• **Exercise aim**
Print, in exact form, the lines below from the one containing "Method 2 uses" through the one containing "Now let's go", and omit all others.
Start of Given records
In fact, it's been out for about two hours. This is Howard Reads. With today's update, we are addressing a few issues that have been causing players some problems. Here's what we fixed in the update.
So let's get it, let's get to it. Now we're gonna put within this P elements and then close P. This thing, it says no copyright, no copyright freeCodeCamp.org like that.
End of Given records
Start of Given records
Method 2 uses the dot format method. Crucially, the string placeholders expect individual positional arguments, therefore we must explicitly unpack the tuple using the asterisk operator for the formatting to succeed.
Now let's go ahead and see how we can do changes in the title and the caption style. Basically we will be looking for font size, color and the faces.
End of Given records
• **Exercise answer**
Method 2 uses the dot format method. Crucially, the string placeholders expect individual positional arguments, therefore we must explicitly unpack the tuple using the asterisk operator for the formatting to succeed.
Now let's go ahead and see how we can do changes in the title and the caption style. Basically we will be looking for font size, color and the faces.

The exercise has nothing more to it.